## [Assignment]
Print, exactly as written, the line in the entries below that contains "yume miru taiyou chapter 3 31" and every line after it up to and including the last. Omit pictures.

(Given entries Opens)

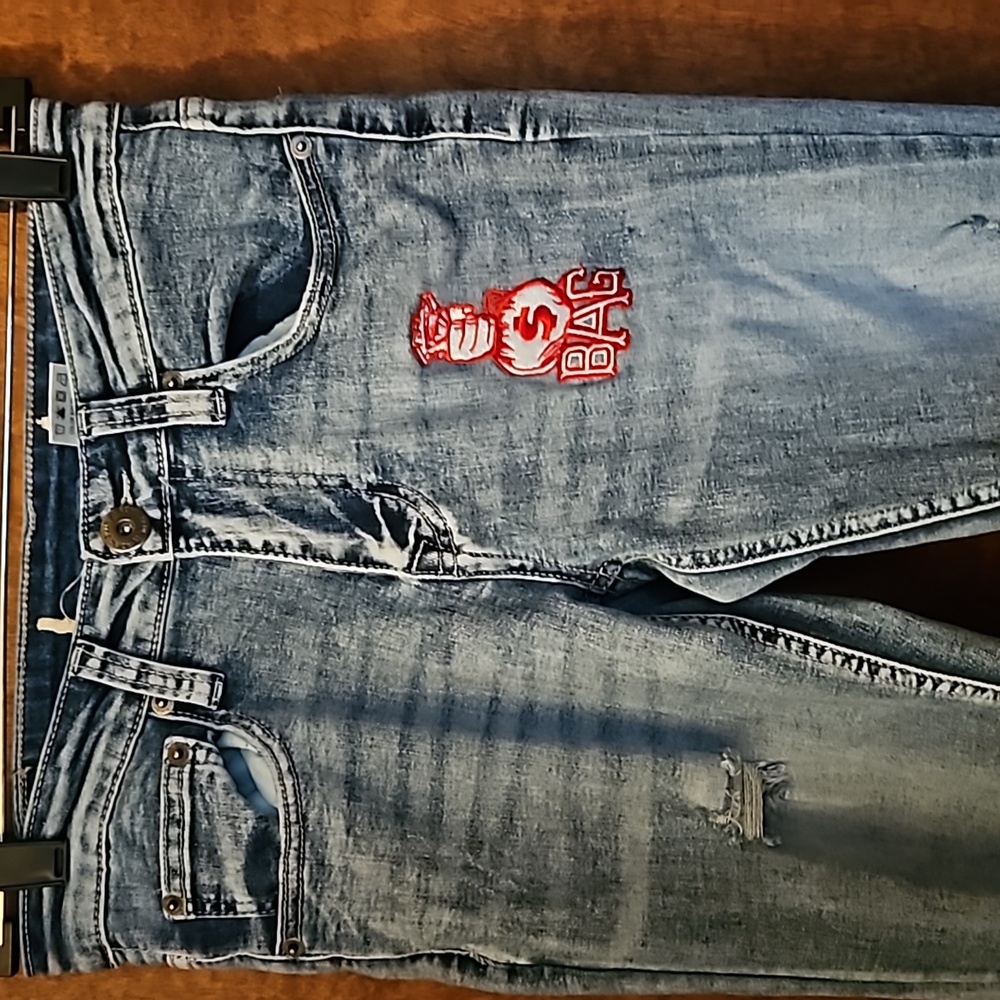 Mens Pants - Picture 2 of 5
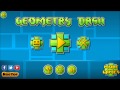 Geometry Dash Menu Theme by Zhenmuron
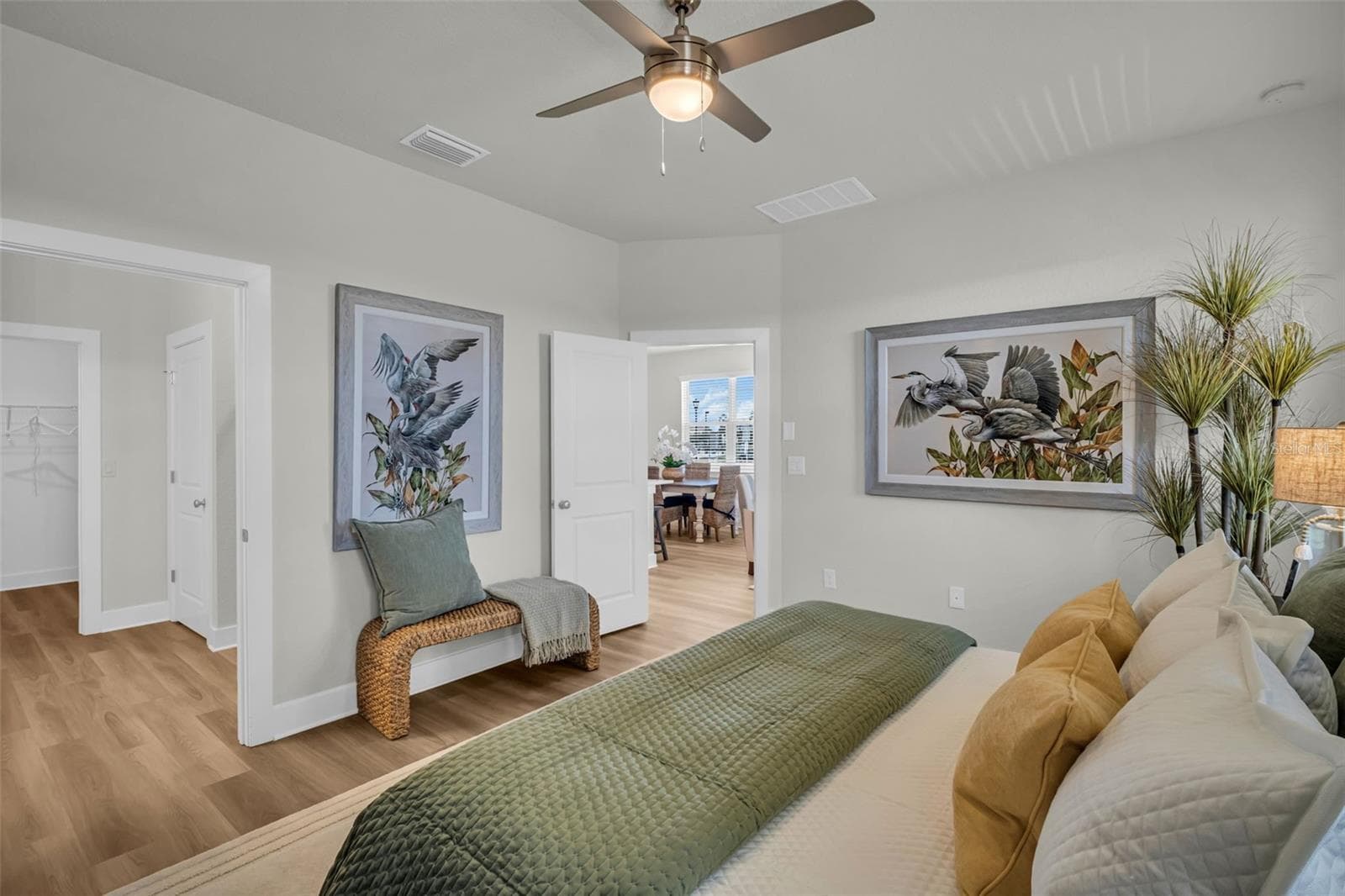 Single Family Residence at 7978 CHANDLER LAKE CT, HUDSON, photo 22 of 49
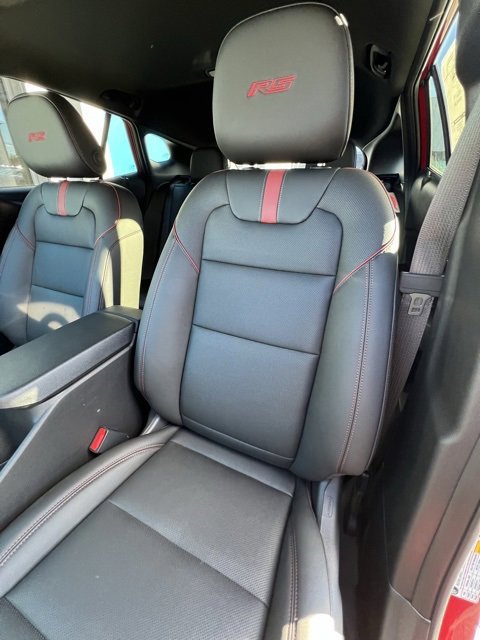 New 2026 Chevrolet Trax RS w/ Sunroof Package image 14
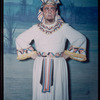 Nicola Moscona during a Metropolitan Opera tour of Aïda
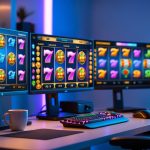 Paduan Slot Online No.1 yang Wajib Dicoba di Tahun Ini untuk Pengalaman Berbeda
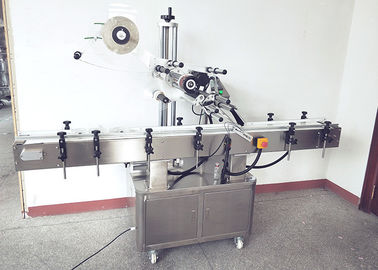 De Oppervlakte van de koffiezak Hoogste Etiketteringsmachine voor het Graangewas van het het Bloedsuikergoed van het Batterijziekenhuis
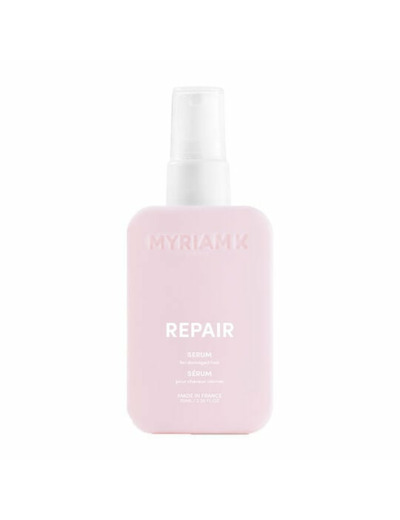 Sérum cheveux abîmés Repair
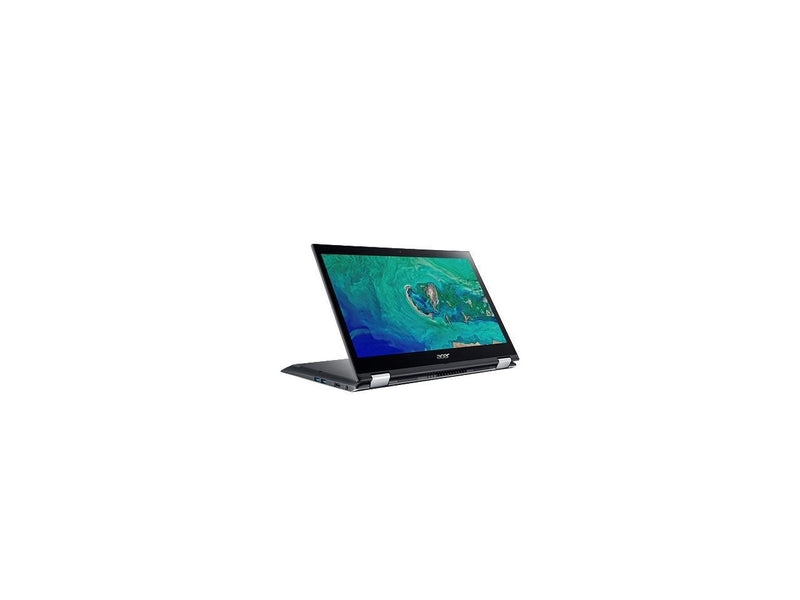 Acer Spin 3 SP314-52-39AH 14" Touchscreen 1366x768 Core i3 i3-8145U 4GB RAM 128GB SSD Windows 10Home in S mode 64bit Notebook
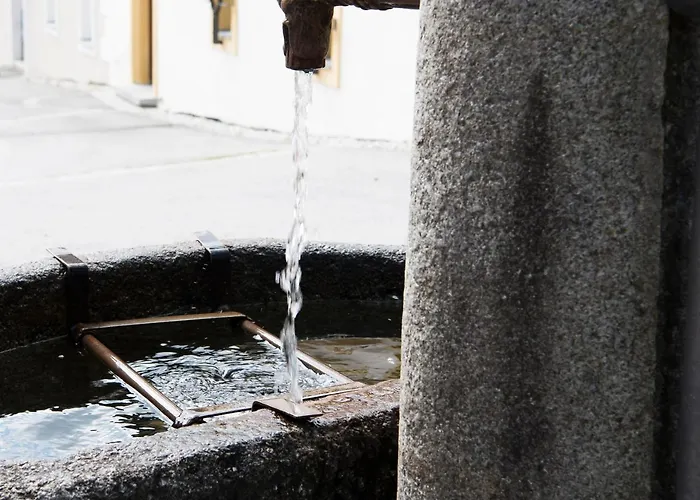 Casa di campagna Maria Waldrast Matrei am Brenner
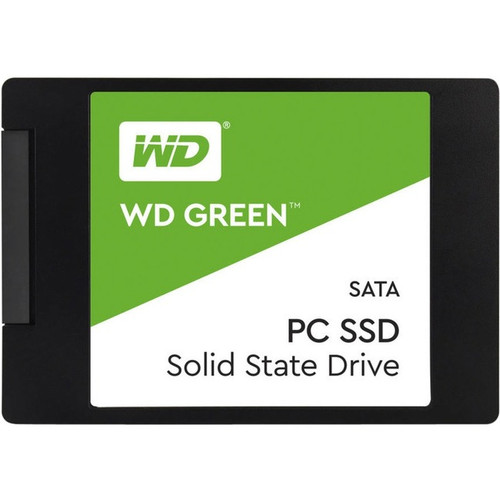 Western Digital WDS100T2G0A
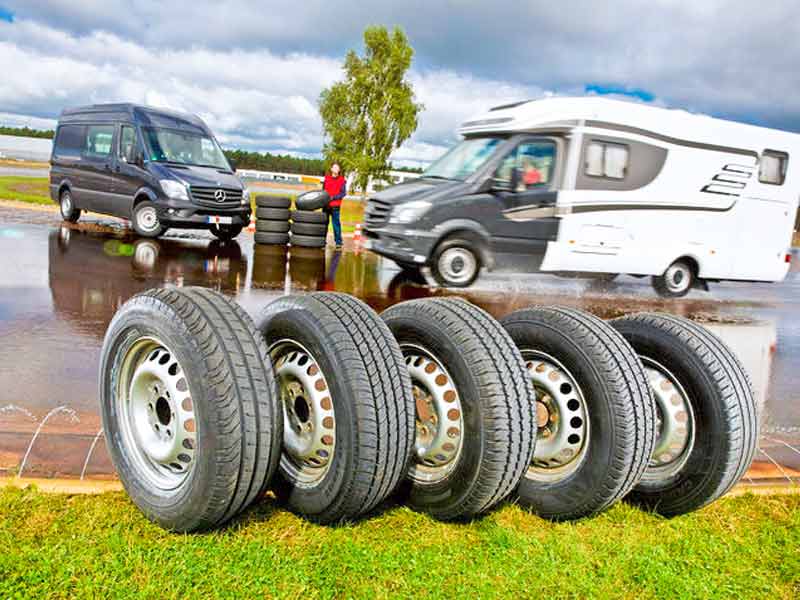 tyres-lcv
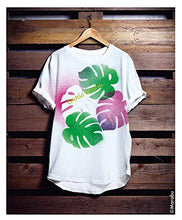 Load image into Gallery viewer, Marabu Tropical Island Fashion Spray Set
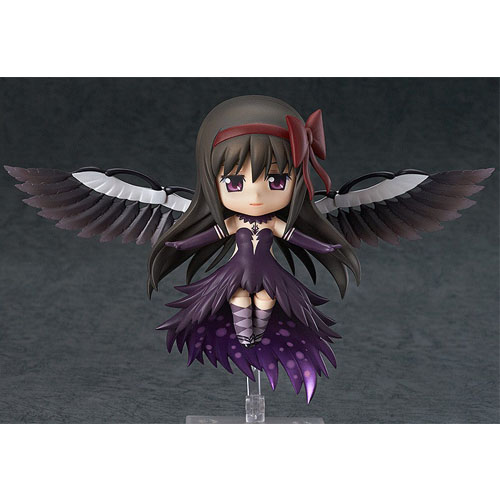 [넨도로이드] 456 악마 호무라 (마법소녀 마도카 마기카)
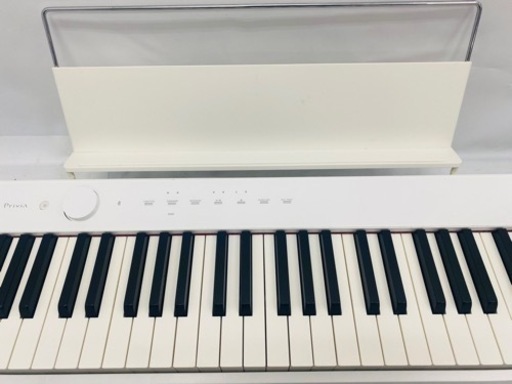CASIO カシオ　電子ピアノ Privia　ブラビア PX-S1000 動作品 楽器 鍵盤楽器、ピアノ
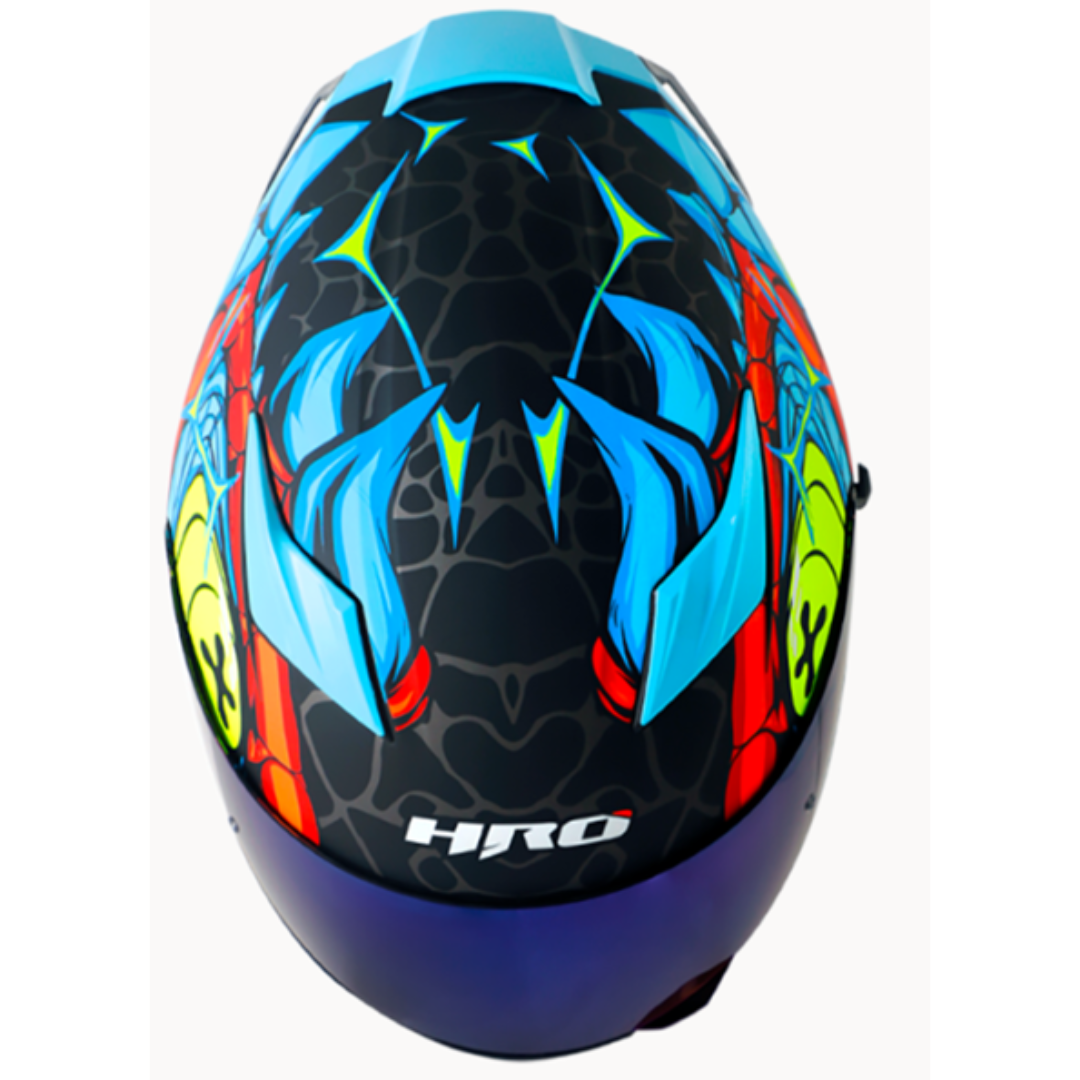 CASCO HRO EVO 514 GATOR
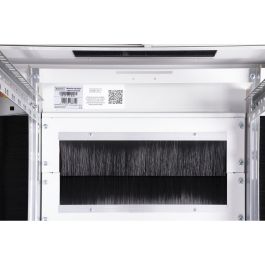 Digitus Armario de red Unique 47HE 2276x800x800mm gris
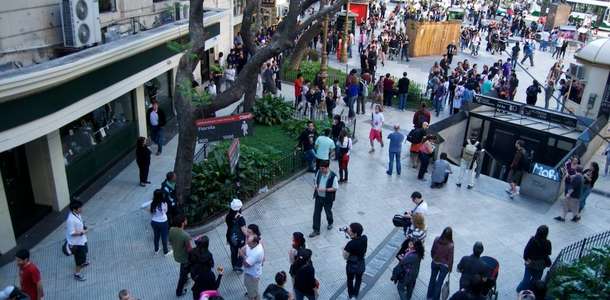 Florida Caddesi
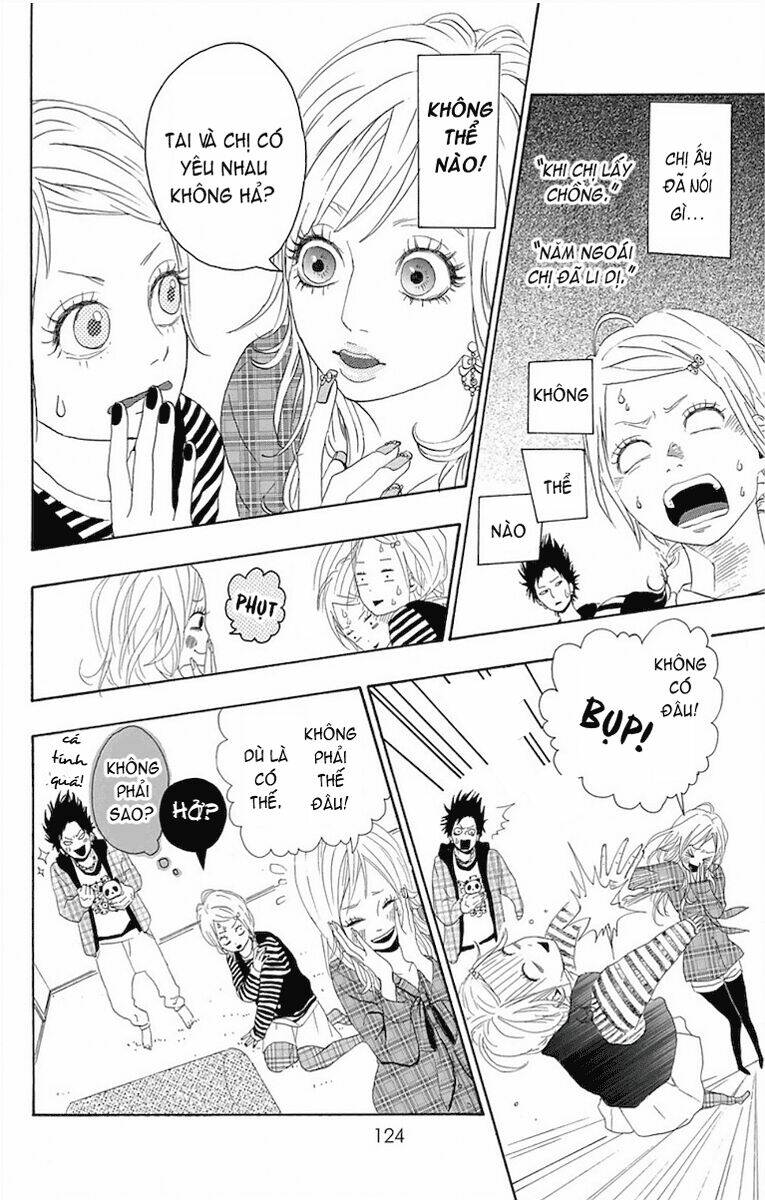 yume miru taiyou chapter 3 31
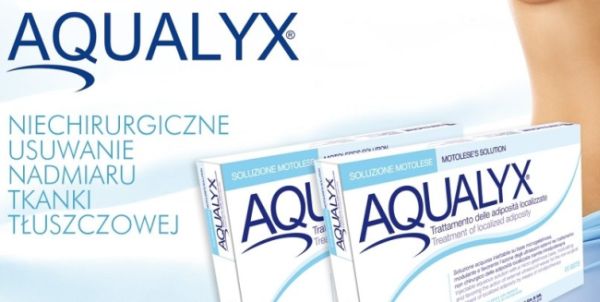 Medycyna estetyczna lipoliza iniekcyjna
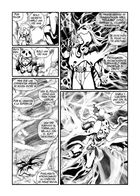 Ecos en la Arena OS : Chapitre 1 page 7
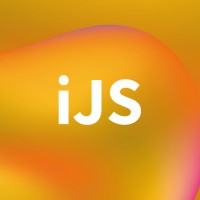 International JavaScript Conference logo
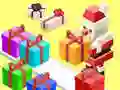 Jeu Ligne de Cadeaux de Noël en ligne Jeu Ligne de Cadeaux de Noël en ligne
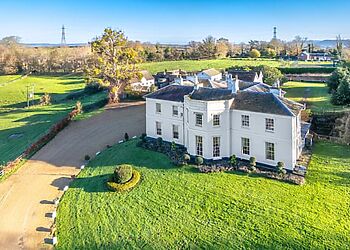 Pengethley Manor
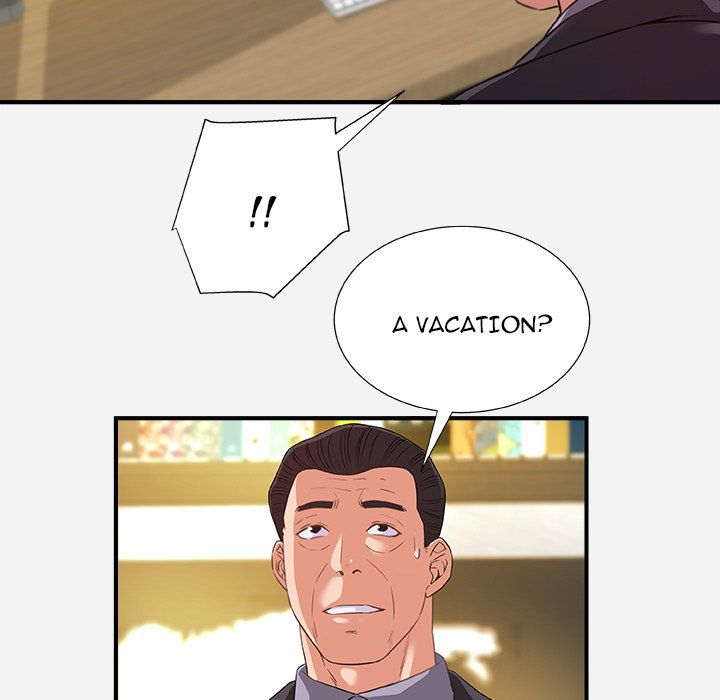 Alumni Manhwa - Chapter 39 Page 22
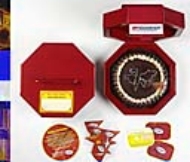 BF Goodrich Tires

(Given entries Closes)

## [Output for this task]
 yume miru taiyou chapter 3 31
 Medycyna estetyczna lipoliza iniekcyjna
 Ecos en la Arena OS : Chapitre 1 page 7
 International JavaScript Conference logo
 Jeu Ligne de Cadeaux de Noël en ligne Jeu Ligne de Cadeaux de Noël en ligne
 Pengethley Manor
 Alumni Manhwa - Chapter 39 Page 22
 BF Goodrich Tires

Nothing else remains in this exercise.